Indexing Algorithms - IVF & Quantization · Topic 101

Space-partitioning trees

Space-partitioning trees recursively split the vector space with hyperplanes so that each leaf holds a subset of points. Examples include KD-trees, ball trees, and the random-projection trees used in Annoy. At query time you descend from the root, following the side of each split the query lies in, and optionally search nearby branches to improve recall. They provide a structured form of search space reduction; in high dimensions they can suffer from the curse of dimensionality, which is why graph-based and cluster-based indexes are often preferred for vector DBs. This topic covers types, query pipeline, trade-offs, and when to use trees versus other index families.

Summary

Space-partitioning trees split the space with hyperplanes (axis-aligned in KD-tree, random in Annoy); you descend at query time and may backtrack or search multiple leaves for ANN.
Compare to Voronoi (IVF) and HNSW: trees and IVF partition by geometry; graph indexes navigate by neighbor links.
KD-trees excel in low dimensions; ball trees suit certain metrics; random projection trees (Annoy) use many trees for robustness and better recall.
Trade-offs: interpretable structure and low memory per point vs. curse of dimensionality in high dimensions and costly or static updates.
Practical tip: prefer trees for low-dimensional or small datasets; for high-dimensional ANN at scale, IVF or HNSW usually offer better recall-latency and tuning.

Types and behavior

KD-tree: Splits on a single coordinate (axis-aligned hyperplane), alternating dimensions. Works well in low dimensions; in high dimensions many splits are needed and the tree becomes deep and less selective. Build is O(n log n) in the best case; query is O(log n) to reach a leaf when no backtracking is needed.

Ball tree: Partitions by enclosing points in balls and splitting balls; can be better for some metrics (e.g. non-axis-aligned structure). Each node stores a centroid and radius; query descends by distance to child balls. Often used in scikit-learn for nearest-neighbor and kernel methods.
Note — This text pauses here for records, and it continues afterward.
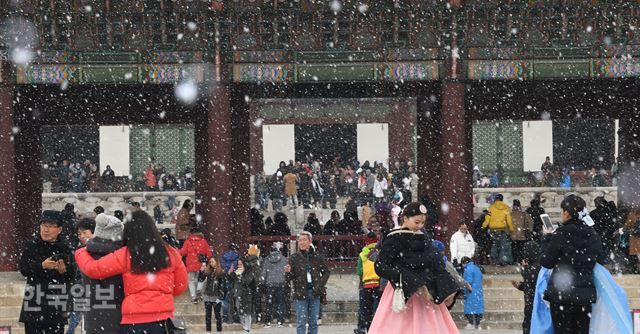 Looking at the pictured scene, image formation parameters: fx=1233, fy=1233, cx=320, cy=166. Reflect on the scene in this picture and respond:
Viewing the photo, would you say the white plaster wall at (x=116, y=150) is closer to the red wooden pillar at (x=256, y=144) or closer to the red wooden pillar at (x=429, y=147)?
the red wooden pillar at (x=256, y=144)

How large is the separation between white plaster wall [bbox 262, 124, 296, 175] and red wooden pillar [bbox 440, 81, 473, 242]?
60.1 ft

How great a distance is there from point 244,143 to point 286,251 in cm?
217

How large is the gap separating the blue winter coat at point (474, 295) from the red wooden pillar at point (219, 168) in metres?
4.94

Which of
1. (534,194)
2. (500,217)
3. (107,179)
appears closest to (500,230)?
(500,217)

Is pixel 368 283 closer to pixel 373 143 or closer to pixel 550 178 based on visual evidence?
pixel 550 178

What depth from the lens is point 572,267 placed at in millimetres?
10102

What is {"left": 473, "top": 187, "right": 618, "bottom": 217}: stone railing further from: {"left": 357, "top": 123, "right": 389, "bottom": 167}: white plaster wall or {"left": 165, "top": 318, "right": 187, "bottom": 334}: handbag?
{"left": 165, "top": 318, "right": 187, "bottom": 334}: handbag

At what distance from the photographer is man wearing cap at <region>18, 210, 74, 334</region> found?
10.1 m

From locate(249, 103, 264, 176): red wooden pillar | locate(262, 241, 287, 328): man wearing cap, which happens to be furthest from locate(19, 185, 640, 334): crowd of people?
locate(249, 103, 264, 176): red wooden pillar

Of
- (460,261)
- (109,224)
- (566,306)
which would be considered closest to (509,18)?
(460,261)

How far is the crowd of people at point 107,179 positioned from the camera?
35625 millimetres

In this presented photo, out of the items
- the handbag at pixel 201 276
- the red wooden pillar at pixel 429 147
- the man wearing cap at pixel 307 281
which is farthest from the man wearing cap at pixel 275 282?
the red wooden pillar at pixel 429 147

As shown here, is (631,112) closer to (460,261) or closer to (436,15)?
(436,15)

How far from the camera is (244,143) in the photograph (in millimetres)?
23047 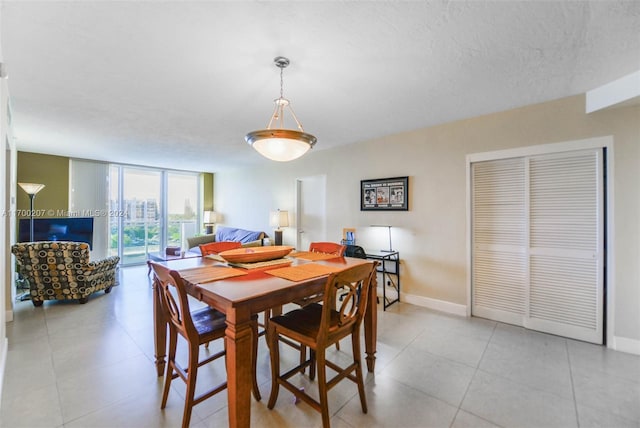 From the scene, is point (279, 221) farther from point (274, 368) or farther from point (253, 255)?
point (274, 368)

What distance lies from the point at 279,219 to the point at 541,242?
12.7ft

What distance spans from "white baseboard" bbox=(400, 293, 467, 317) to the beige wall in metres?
0.05

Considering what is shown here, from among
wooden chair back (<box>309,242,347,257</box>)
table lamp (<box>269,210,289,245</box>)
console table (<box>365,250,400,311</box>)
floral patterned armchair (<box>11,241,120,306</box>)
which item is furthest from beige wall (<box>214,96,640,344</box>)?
floral patterned armchair (<box>11,241,120,306</box>)

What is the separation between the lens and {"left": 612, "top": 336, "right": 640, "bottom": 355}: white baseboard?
2.30 metres

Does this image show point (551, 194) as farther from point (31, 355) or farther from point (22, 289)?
point (22, 289)

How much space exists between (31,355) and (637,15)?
5.00m

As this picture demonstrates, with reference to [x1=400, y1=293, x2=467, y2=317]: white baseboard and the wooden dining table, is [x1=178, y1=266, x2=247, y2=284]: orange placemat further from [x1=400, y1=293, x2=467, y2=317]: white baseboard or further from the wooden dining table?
[x1=400, y1=293, x2=467, y2=317]: white baseboard

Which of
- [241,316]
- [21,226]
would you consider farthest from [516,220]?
[21,226]

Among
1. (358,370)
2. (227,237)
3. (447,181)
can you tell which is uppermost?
(447,181)

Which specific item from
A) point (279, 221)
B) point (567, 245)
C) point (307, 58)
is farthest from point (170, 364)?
point (567, 245)

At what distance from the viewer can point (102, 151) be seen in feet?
15.6

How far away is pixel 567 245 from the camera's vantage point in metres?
2.63

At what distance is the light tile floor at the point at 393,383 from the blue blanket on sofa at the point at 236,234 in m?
2.83

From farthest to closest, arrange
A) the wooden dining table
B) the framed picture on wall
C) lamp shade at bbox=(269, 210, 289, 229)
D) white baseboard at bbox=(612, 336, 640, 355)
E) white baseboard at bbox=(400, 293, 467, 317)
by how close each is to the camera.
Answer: lamp shade at bbox=(269, 210, 289, 229), the framed picture on wall, white baseboard at bbox=(400, 293, 467, 317), white baseboard at bbox=(612, 336, 640, 355), the wooden dining table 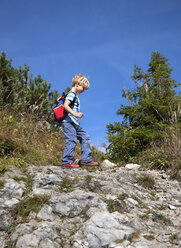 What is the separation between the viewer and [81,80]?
5.36m

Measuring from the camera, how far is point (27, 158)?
17.5 ft

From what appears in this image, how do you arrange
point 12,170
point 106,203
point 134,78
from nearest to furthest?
point 106,203, point 12,170, point 134,78

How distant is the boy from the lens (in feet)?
16.7

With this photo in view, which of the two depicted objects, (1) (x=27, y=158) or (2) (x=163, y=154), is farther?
(2) (x=163, y=154)

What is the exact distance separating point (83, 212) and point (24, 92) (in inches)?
280

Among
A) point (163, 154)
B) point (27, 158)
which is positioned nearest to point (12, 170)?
point (27, 158)

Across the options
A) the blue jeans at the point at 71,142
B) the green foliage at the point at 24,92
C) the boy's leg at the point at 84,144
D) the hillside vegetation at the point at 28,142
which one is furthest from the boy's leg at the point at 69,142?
the green foliage at the point at 24,92

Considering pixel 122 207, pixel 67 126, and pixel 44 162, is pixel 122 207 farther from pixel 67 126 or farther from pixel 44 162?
pixel 44 162

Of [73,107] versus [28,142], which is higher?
[73,107]

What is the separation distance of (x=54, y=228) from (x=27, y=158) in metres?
2.90

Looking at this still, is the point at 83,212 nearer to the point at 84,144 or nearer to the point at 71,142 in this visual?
the point at 71,142

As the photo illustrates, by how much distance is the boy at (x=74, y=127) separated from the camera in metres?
5.09

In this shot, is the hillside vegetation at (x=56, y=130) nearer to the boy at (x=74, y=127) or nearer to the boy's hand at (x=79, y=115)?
the boy at (x=74, y=127)

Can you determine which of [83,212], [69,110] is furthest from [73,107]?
[83,212] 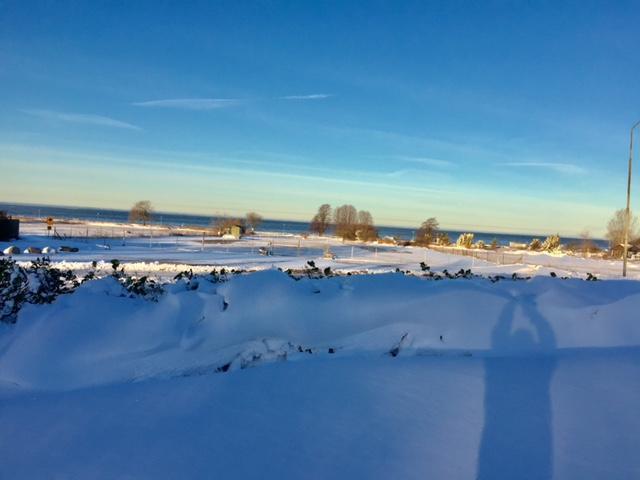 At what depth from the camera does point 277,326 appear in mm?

Random projection trees (e.g. Annoy): Split on a random direction (linear combination of coordinates); building many trees and querying all of them improves recall. Common theme: the partition is geometric and hierarchical, so query cost is O(depth) to reach a leaf, plus the cost of searching the leaf (and possibly backtracking). Multiple trees reduce variance and improve robustness to unlucky splits.

Query pipeline

At index time: recursively partition the dataset until leaves are small enough (e.g. bucket size < L). At query time: start at the root, decide which child the query vector lies in (e.g. which side of the hyperplane), descend until a leaf is reached, then compute distances to points in that leaf. For ANN, implementations often allow backtracking (visit sibling nodes) or searching multiple leaves (e.g. in Annoy, aggregate over many trees) to improve recall at the cost of latency.

Pipeline summary: embed query → descend tree(s) → reach leaf/buckets → compute distances (and optionally backtrack) → return top-k. No neighbor links are stored; only the partition geometry drives the path.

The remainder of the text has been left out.